The University Conundrum

The Vice-Chancellor of the University of Bath has become notorious as the highest-paid head of an English university. While the Vice-Chancellor of Oxford has [in my view, mistakenly] defended her more modest stipend by drawing comparison with US salaries and footballers' wages, nobody doubts that she has been attracted to Oxford in international competition because of her proven talents and experience. The lady at Bath, however, appears as a sort of machine product: she was deputy V-C before being given the top post in the same institution - very rarely a good thing - and before that she was a professor in a middle-ranking university. There is no evidence at all of her exceptional abilities or achievements.
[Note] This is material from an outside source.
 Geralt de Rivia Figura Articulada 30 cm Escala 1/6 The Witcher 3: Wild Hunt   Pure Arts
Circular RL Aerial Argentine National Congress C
How have the Vice-Chancellors come to be so highly paid? This is an intriguing story: especially as the number of universities has risen from fewer than 40 when I was a student to about 150 now. Long ago the universities ceased to be part of any national plan for 'manpower' development. The last serious attempt to do that was in the nineteen sixties with the Robbins Report. They proposed, and the government accepted, very significant expansion of the system, both by increasing the number of universities and increasing significantly the student population in the existing institutions. Some - notably Loughborough - were designated as Colleges of Advanced Technology [CATs] and although that status has been eroded away Loughborough stands well in the league tables of universities because it has stuck closer to its founding mission than have most other institutions.
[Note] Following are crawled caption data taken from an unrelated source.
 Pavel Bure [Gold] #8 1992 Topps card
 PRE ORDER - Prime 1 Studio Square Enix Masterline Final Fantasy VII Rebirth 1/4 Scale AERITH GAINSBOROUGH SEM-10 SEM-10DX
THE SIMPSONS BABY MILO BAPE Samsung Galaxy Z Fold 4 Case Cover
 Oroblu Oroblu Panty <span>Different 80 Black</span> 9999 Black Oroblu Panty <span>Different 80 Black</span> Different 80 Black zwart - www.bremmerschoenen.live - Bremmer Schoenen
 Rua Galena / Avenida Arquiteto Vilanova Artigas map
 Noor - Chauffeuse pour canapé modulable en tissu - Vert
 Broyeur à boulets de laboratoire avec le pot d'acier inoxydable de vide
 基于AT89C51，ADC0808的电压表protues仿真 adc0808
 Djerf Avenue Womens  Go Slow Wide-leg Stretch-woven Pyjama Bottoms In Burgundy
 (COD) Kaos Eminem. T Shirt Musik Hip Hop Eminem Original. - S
The University in which I was employed for a quarter of a century had a world reputation in materials science: metallurgy, glass, ceramics etc. Robbins recommended further strengthening this orientation, and new buildings were provided with superb facilities; even a small steel rolling-mill.. But UK students were not interested. The a few students who were UK citizens rattled around in the workshops and laboratories, as an increasing number from emergent countries came, learned assiduously, and took the most advanced skills home to build up Britain's competitors.
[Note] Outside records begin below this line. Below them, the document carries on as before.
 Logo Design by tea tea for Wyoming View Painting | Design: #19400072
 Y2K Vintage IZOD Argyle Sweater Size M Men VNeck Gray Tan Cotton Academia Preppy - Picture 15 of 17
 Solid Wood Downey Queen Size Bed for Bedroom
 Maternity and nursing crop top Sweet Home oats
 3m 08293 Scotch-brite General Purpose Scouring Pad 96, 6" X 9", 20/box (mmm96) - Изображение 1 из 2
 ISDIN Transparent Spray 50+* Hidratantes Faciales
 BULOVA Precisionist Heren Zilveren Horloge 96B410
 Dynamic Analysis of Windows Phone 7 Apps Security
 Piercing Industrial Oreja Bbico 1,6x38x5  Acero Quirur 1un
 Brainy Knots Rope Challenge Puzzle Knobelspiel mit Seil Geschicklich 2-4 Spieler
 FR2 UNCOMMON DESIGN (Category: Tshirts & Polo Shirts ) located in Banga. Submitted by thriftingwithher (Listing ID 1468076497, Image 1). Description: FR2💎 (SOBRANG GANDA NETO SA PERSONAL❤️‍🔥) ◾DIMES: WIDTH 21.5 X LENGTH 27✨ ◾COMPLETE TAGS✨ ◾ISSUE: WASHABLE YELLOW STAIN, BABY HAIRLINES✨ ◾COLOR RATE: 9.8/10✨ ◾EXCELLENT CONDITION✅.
Ever since then, there has been a nonsensical push for a higher proportion of the population to get degrees; but this has never been linked to building up the skill base that Britain requires. I was horrified this year to see that the Faculty of Social Sciences [of which I was Dean more than thirty years ago] produced nearly four times as many graduates as the whole of engineering and applied science: and while the majority of the Social Sciences people were UK nationals, the majority of engineers and metallurgists were from overseas. As emergent economies forge ahead, Britain is being clogged with 'skills' that are not needed: some are even socially and economically destructive, as with Economics [see this blog, passim].

As this daft situation has been built up, the universities have been decoupled entirely from the local authorities who used to have some control of funding as the bodies that paid for students fees, maintenance grants, union membership, sports subscriptions and so on. Councillors and Directors of Education had some power of the purse over higher education, and their representatives served on governing bodies. Technical colleges that had been directly controlled by local authorities merged with teacher-training colleges and gained designation as polytechnics: and at that time there was a genuine hunt for real talent to head these rapidly expanding institutions. Salaries of Directors of Polytechnics shot higher than the universities paid their V-Cs; so when the polytechnics became redesignated as universities the established V-Cs were able to demand parity. Thus the racket began of ratcheting-up the boss-man's pay; as a prestige game rather than evidence of performance.

Since nobody now has the slightest idea what the lower-ranked seventy or so 'universities' are for, there can be no criteria for assessing the performance of their heads that reflects the national interest. So at present students borrow billions of pounds to buy 'education' which is aimless and not properly quality-controlled. A really great British achievement!